I was on my own when I reached the canal and saw that the bridge had been taken away. Another one, further down the canal, had been removed as well, but the old stone bridge off to the right was still there. Evidently, Ellen's detour had taken her across it because she was now on the other side of the canal, cycling towards me. I realised that she couldn't see that the bridge had gone and shouted to her to stop. She couldn't hear me -- or ignored me -- and cycled straight into the canal. As always seems to be the case when some low-level slapstick occurs in my dreams, I stood by, laughing helplessly.
I woke Ellen up by laughing in my sleep. She woke me up to find out what was so funny but seemed somehow unimpressed when I told her...
Notes for Freudian Analysis
We were visiting Ellen's sister in Oxford at the weekend. Yesterday afternoon, I was talking to her about how my plan to use Ellen's bike to cycle to work when the Parliament moves to Holyrood seemed like a good idea until I thought of the all-uphill journey home every night.
Later that night, walking home, Ellen and I stopped to look at the canal, which has just been refilled with water following some nearby construction work.

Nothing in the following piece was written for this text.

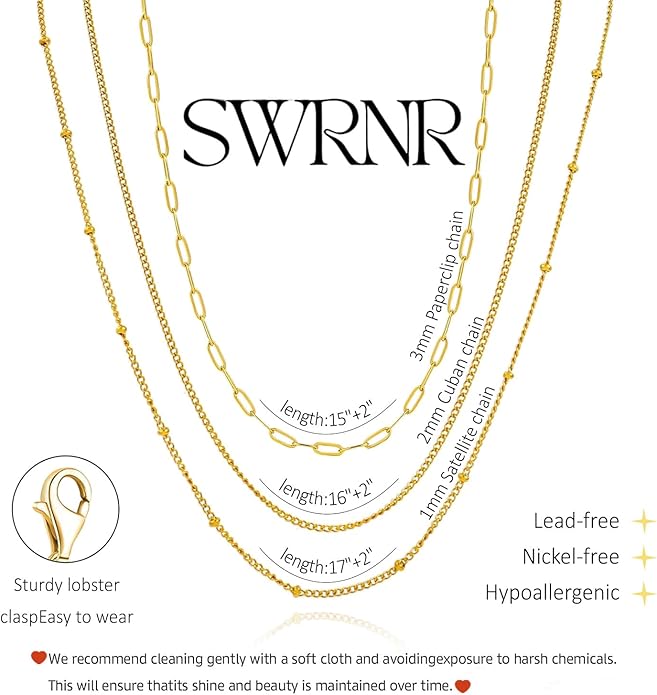 Layered Gold Necklace for Women Dainty 14K Gold/Silver Plated Stacked Necklace for Women Trendy Cuban Paperclip Herringbone Chain Diamond Pendant Necklaces Jewelry Set Accessories Gift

Freud would no doubt note that the bike appears to be connected in my mind to my future at work and find it significant that, in my dream, it is Ellen who has control of this symbol of career advancement while I merely trudge slowly up a hill that leads back to my house. Thus, Freud might suggest, I acknowledge my lack of ambition in my place of work relative to Ellen's in hers.
If that interpretation is correct, Ellen's tumble into the canal would fit with Freud's understanding of dreams as being the place where we are able to express emotions and thoughts that we will not allow ourselves to recognise consciously. Could it be that my id finds comfort in the idea of Ellen failing in her course of action? Do I, at some level, think that that would justify my lack of any course of action whatsoever?
Freud is a genius, so he's probably right, but if so, I must be an absolute louse!